§ What you have to do
The material below holds pictures; leave them out and reproduce exactly the lines from the one with "أخبار الأهلي : إحالة" through the one with "Induction Melting Furnace", inclusive.
The data Block Start
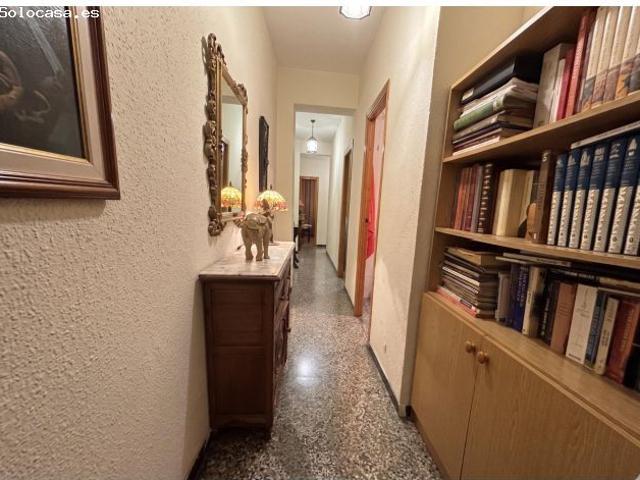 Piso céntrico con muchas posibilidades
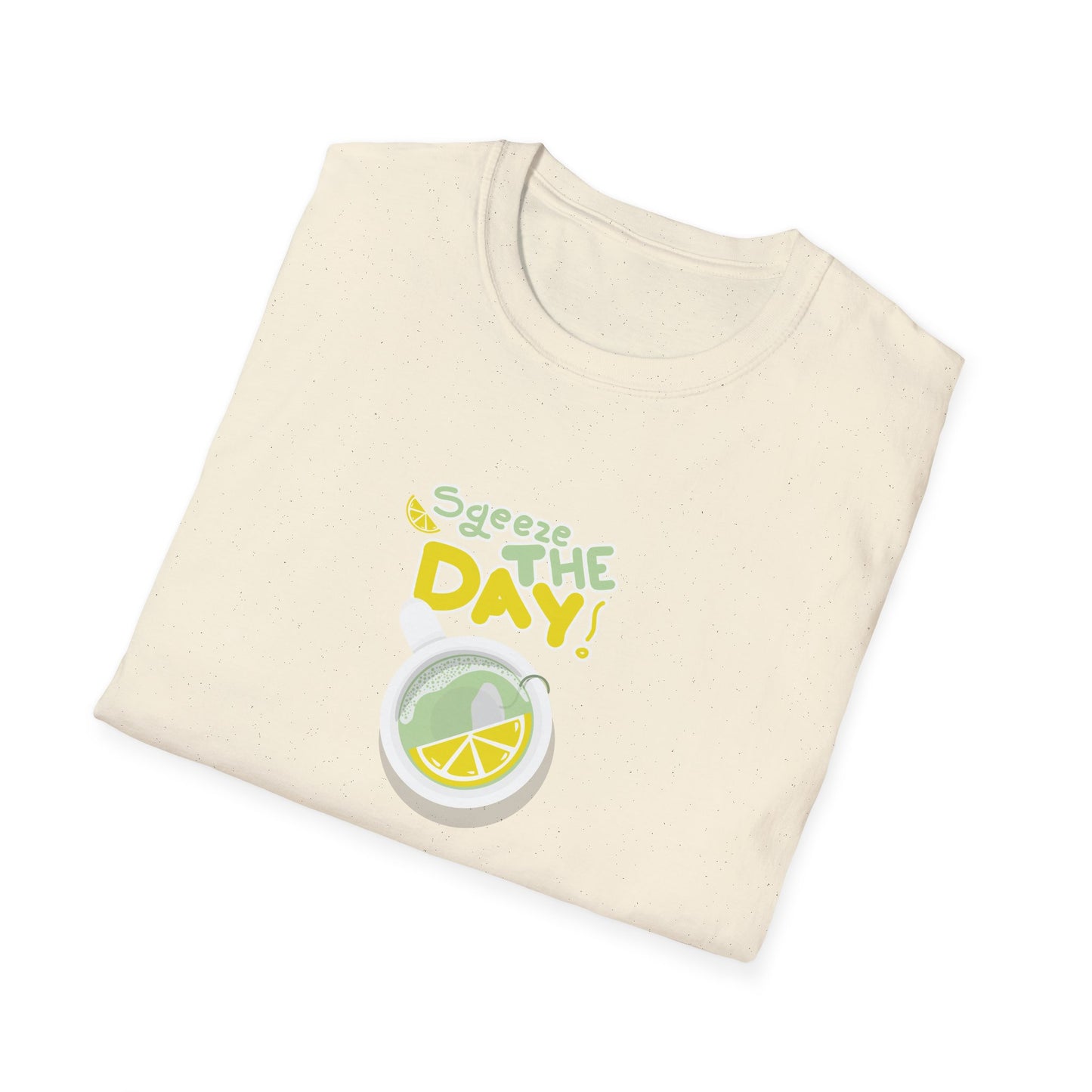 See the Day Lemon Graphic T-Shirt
The data Block End
The data Block Start
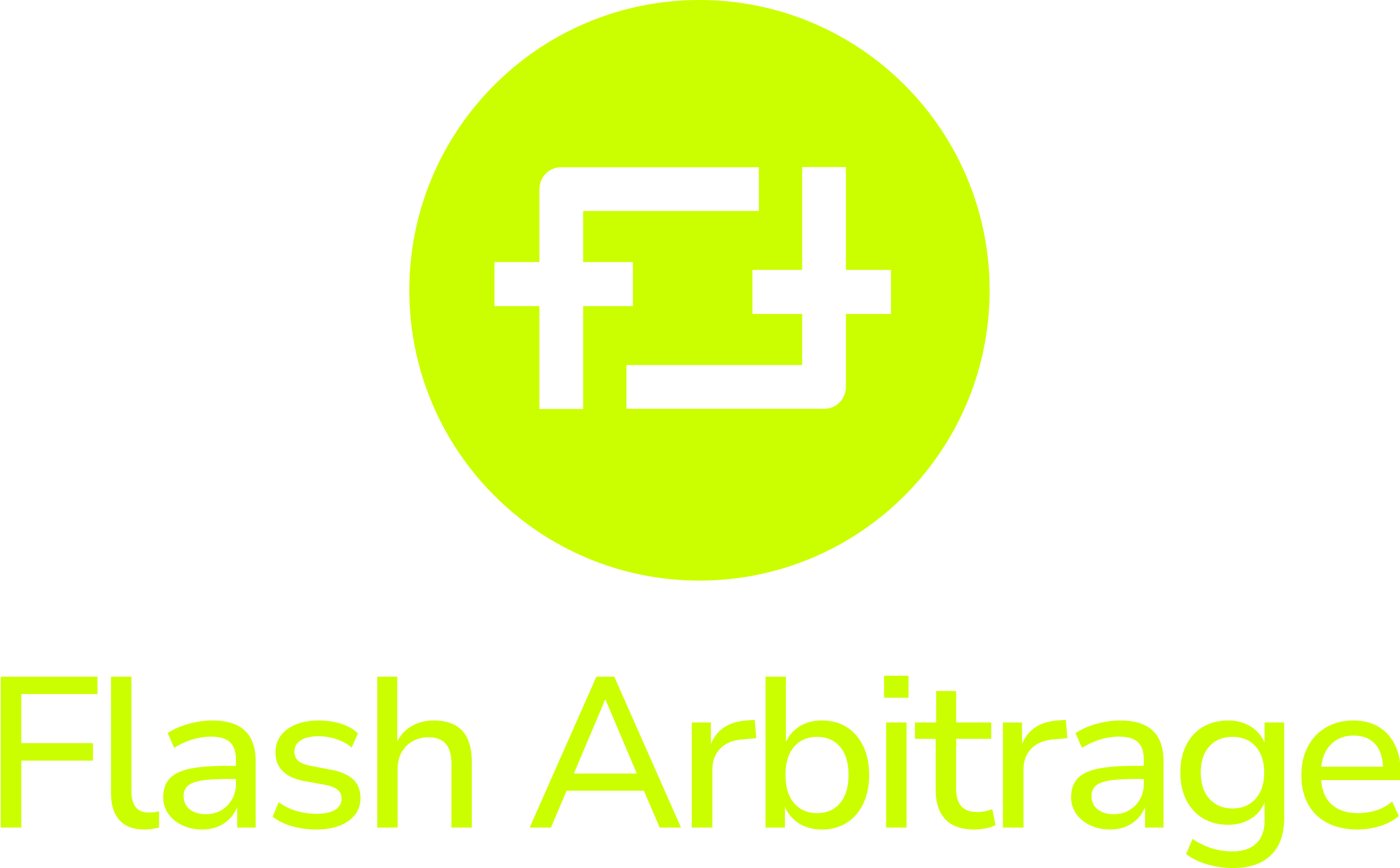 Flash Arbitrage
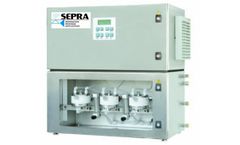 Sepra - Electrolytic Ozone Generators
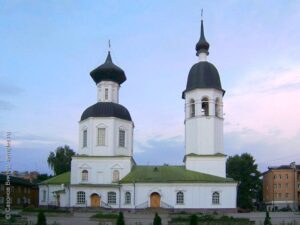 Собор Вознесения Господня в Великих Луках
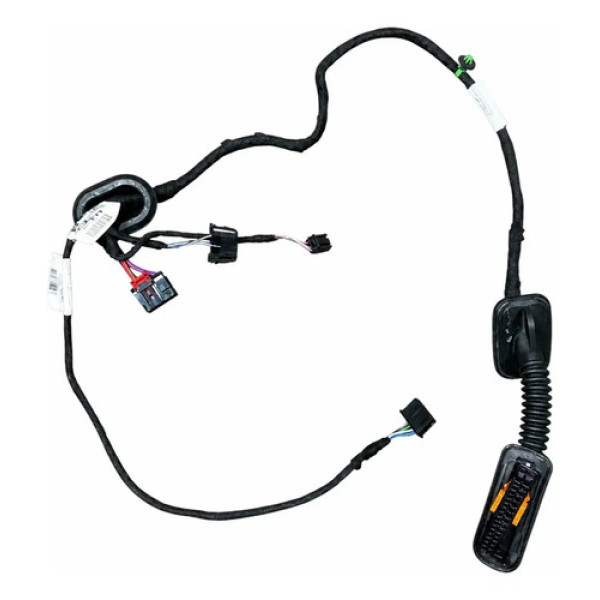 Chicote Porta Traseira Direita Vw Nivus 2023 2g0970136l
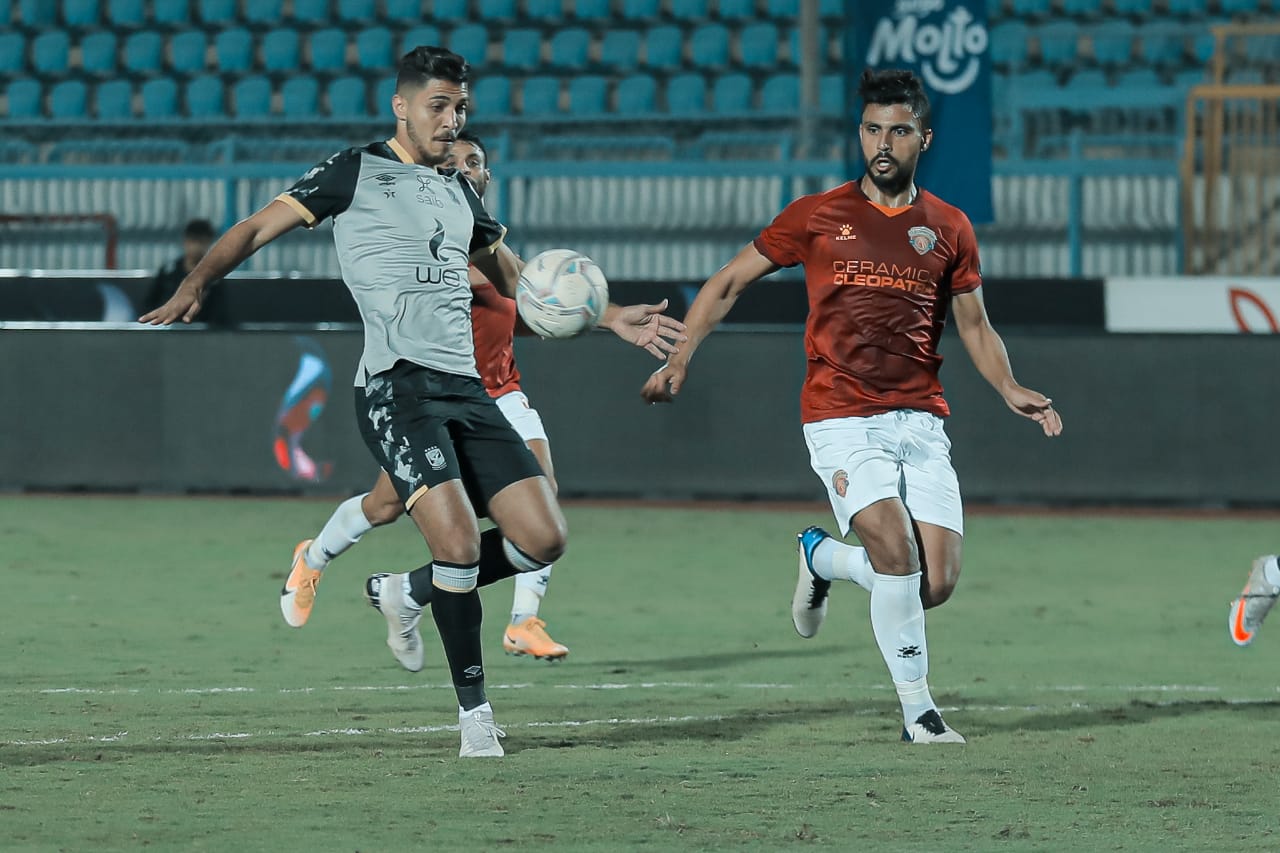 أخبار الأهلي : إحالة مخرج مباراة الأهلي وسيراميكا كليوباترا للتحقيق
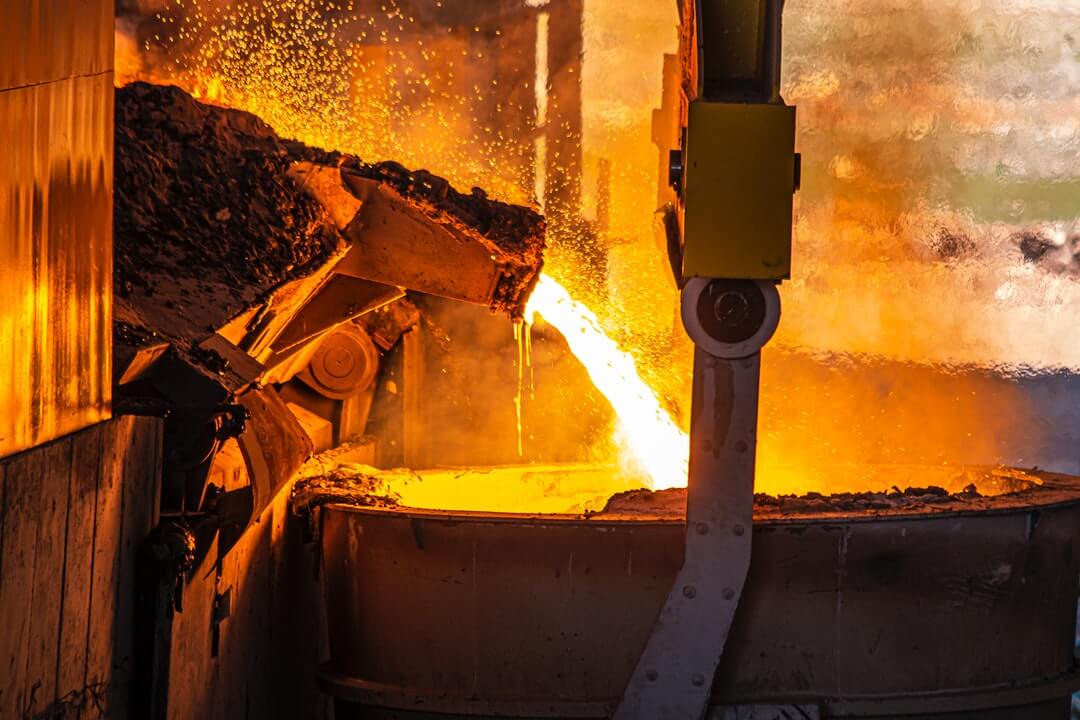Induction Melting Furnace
The data Block End
§ Completed exercise
 أخبار الأهلي : إحالة مخرج مباراة الأهلي وسيراميكا كليوباترا للتحقيق
Induction Melting Furnace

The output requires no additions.